::: SOURCE DATA :::
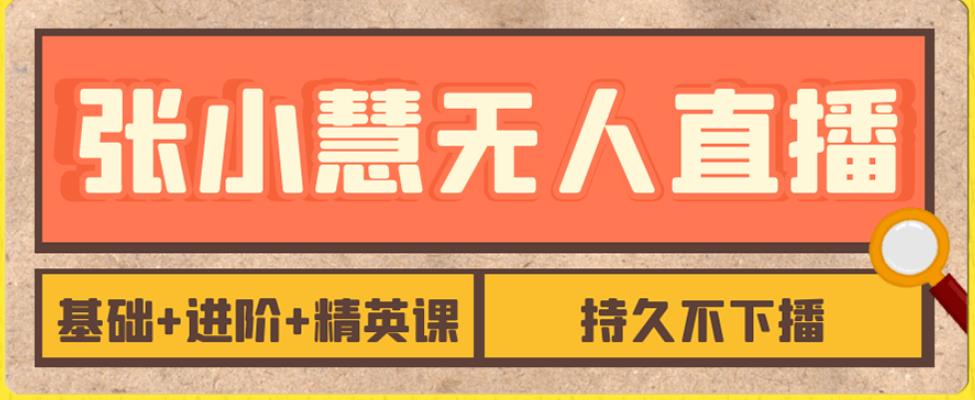 张小慧无人直播精英课，基础+进阶+精英课，持久不下播-千城资源网
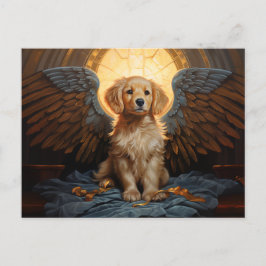 Golden Retriever puppy Angel Vykort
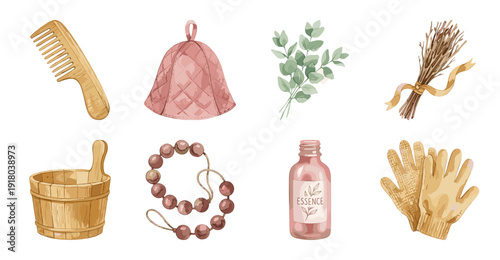 Sauna and Spa Accessories Set, Watercolor Illustration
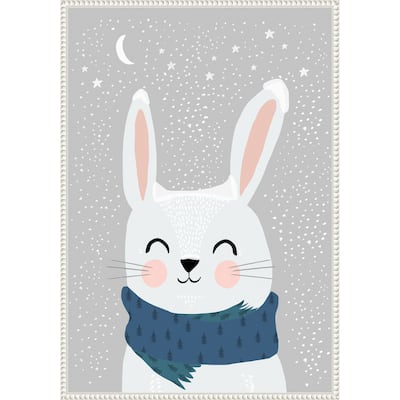 Snow Bunny by Treechild (23 x 33 in.), Framed Canvas Wall Art Print - Sylvie Beaded White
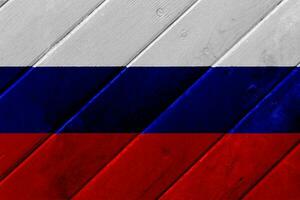 bandiera di russo federazione su un' strutturato sfondo. concetto collage. foto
:::
EXERCISE REQUIREMENTS: Produce the data again character for character, with the images left out.

WRITTEN SOLUTION:
 张小慧无人直播精英课，基础+进阶+精英课，持久不下播-千城资源网
 Golden Retriever puppy Angel Vykort
 Sauna and Spa Accessories Set, Watercolor Illustration
 Snow Bunny by Treechild (23 x 33 in.), Framed Canvas Wall Art Print - Sylvie Beaded White
 bandiera di russo federazione su un' strutturato sfondo. concetto collage. foto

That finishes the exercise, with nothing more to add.